» REQUIRED ACTION:
Below is a listing with pictures. Repeat exactly the lines starting at the one holding "madisonx17 online show" and going on through the one holding "249 Essex Dr, Brick Twp., NJ 08723", and leave every picture out.

» DATA PROVIDED:
----
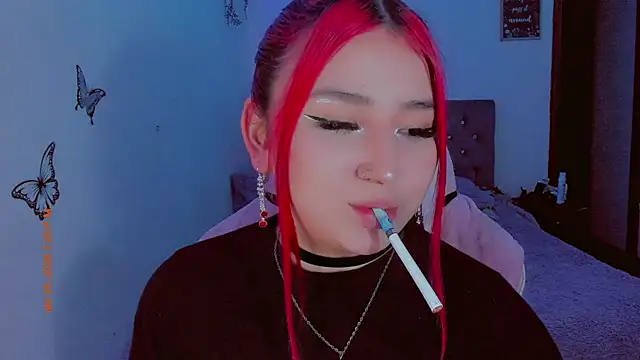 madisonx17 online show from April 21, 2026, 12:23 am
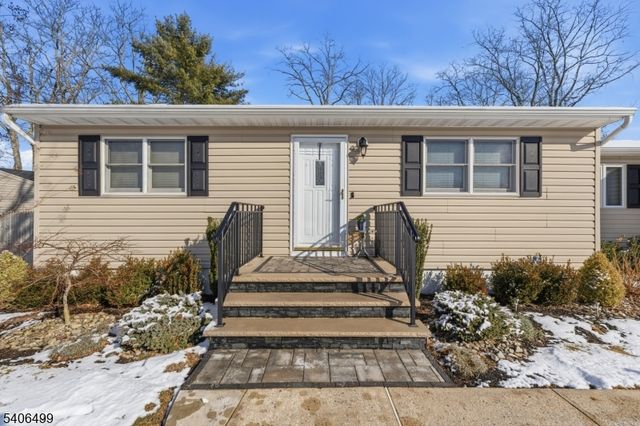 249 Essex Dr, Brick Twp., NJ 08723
----
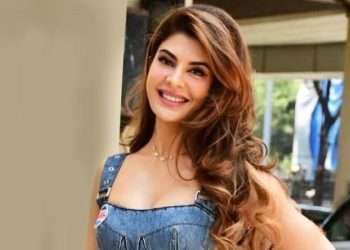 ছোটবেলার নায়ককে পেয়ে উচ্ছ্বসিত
----
» RESULT OF THIS EXERCISE:
 madisonx17 online show from April 21, 2026, 12:23 am
 249 Essex Dr, Brick Twp., NJ 08723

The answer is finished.